2019-2069: In three seasons, the Mets fail to get a Miguel Andujar?

For Mike Piazza, which is like middle school for batting leaders in the major leagues, it was the name on everyone’s lips around the Mets. Eighty-two home runs, 116 RBI, 149 runs scored. That was …

For Mike Piazza, which is like middle school for batting leaders in the major leagues, it was the name on everyone’s lips around the Mets. Eighty-two home runs, 116 RBI, 149 runs scored. That was just a decade ago. The Mondo Line was a powerful one.

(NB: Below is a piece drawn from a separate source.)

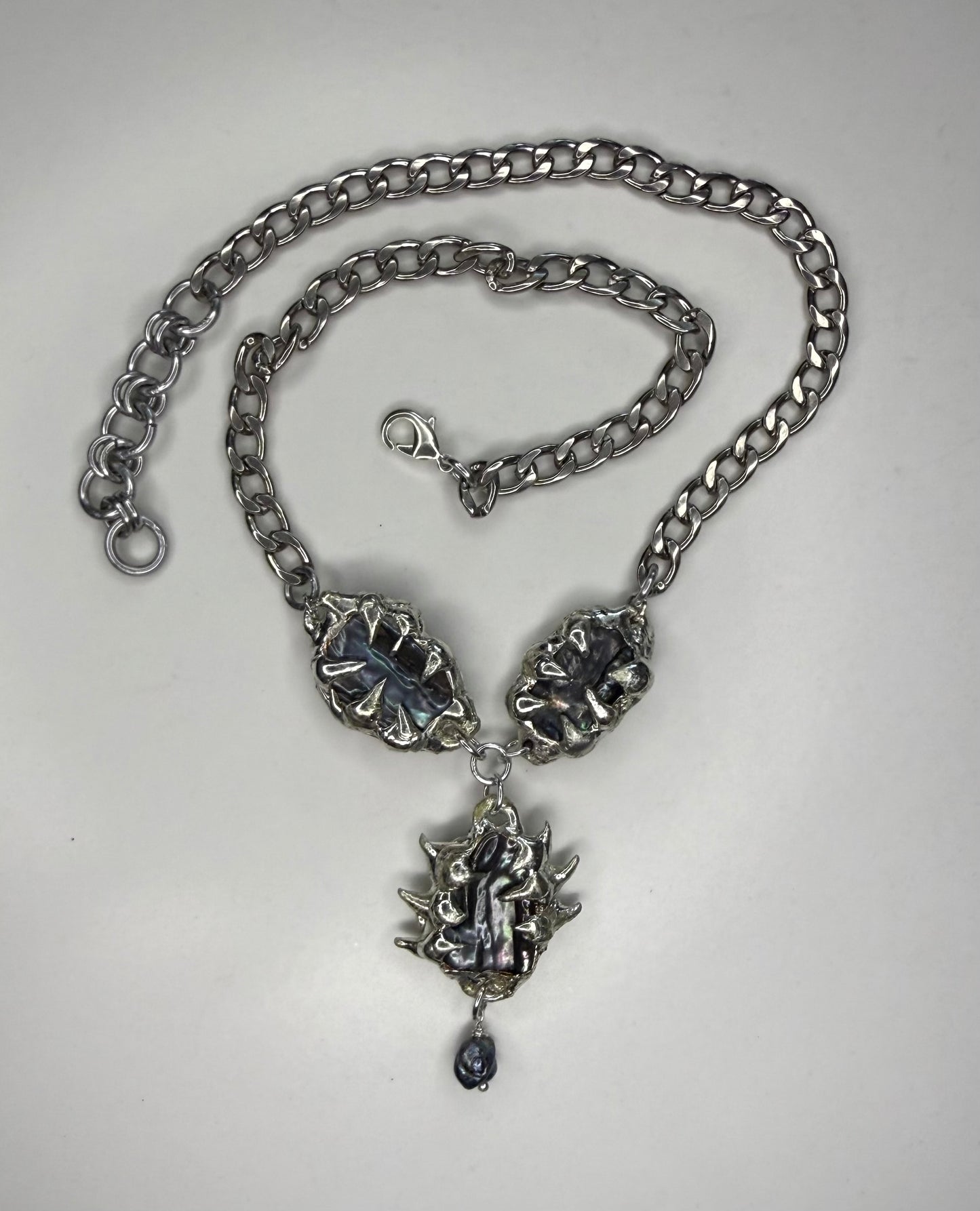 Dark Pearls Necklace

But, then it became a trend. They were no longer more valuable than a Juan Lagares, a Jose Reyes, a Noah Syndergaard. And, as Ike Davis plays like he’s somehow discovered a slot in the No. 5 hole on the Mets, the Mets learned that for one year, the rarest of commodities, the second baseman, can be trumped by an updated spreadsheet and second base steeled-with-pillow-landed power . . . and a backup catcher.

So now, the Mets are paying Juan Lagares $19.1 million dollars per year, nearly what Michael Conforto’s guaranteed until 2022. Lagares earns $4.9 million in 2019 and is the primary source of returning offense from a team that owns the worst record in baseball.

But the business people who run the Mets might not even see the value in that return. They should remember this coming off the trade of Yoenis Cespedes, who apparently accepted a far less significant money from the New York Yankees. His three years at $52 million dollars will only be $3.2 million less than Cespedes spent for three years. But as a Yankee, he’s guaranteed more. They can make him more with every step than the Mets can with Lagares, simply by getting him back to help provide the protection they could not on their team this season, when they needed it.